- **Assignment**
Please tally the lines below that contain the word "Size" and reply with the total alone.

- **Provided entries**
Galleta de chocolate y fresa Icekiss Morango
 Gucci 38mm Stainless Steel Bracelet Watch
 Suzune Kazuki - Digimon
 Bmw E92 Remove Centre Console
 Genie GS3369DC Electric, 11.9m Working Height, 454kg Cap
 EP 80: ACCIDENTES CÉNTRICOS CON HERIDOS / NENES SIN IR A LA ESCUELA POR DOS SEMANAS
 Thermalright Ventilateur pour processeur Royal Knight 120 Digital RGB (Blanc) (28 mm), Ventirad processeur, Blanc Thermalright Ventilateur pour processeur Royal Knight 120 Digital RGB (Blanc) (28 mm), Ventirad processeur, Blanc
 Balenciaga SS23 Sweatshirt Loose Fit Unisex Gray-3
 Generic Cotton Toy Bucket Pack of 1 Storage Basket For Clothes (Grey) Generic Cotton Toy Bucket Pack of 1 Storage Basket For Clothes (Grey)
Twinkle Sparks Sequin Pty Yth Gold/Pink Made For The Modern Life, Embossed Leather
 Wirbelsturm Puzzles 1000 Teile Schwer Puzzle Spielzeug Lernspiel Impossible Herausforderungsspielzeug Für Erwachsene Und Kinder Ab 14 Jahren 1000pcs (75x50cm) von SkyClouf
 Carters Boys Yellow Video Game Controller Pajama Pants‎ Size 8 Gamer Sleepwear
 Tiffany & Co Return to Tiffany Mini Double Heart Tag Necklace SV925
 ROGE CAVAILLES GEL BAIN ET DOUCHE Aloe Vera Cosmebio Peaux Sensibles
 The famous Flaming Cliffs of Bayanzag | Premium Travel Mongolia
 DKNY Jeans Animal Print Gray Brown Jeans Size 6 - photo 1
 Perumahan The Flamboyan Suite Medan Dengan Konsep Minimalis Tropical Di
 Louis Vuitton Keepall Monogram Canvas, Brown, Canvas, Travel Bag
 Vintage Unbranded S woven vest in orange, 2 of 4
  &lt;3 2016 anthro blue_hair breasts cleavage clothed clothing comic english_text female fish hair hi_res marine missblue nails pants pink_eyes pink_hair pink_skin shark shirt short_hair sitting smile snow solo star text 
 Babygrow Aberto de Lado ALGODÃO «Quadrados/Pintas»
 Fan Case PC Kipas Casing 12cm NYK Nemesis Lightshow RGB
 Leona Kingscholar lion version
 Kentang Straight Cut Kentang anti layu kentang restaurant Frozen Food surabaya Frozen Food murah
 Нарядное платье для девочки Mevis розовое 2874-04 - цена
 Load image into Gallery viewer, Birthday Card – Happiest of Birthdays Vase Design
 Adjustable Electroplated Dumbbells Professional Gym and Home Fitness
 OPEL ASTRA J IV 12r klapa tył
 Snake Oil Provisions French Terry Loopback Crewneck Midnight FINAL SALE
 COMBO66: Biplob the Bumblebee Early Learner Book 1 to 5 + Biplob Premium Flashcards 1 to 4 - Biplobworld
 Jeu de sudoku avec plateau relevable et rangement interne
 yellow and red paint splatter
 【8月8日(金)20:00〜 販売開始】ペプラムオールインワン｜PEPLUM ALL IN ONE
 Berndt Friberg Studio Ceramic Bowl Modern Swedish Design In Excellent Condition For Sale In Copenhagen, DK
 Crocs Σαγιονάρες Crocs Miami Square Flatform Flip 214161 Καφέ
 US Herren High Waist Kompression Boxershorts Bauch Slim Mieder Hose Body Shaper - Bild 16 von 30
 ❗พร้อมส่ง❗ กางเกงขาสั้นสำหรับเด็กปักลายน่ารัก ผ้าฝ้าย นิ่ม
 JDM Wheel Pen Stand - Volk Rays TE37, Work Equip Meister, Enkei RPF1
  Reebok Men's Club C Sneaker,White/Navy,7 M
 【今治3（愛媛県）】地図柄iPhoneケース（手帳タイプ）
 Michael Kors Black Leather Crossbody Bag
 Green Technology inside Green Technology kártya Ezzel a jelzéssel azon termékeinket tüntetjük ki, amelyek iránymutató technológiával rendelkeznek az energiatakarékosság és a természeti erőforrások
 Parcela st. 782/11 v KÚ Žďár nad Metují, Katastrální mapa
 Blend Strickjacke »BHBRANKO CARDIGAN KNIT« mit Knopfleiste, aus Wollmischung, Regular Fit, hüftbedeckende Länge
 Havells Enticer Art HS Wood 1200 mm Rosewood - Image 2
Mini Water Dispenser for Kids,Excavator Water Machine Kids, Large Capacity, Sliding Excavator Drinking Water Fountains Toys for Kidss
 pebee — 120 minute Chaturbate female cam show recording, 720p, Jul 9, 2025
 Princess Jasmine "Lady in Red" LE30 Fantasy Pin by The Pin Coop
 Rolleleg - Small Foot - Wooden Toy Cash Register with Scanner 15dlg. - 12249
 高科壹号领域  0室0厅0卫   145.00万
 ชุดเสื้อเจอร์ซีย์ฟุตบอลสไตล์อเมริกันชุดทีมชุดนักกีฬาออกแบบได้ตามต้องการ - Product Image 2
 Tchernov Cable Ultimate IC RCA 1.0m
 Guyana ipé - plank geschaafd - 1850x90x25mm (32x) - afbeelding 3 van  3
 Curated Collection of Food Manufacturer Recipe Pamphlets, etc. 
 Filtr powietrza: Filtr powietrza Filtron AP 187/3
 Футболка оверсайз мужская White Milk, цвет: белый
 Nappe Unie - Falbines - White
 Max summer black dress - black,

- **Exercise output**
2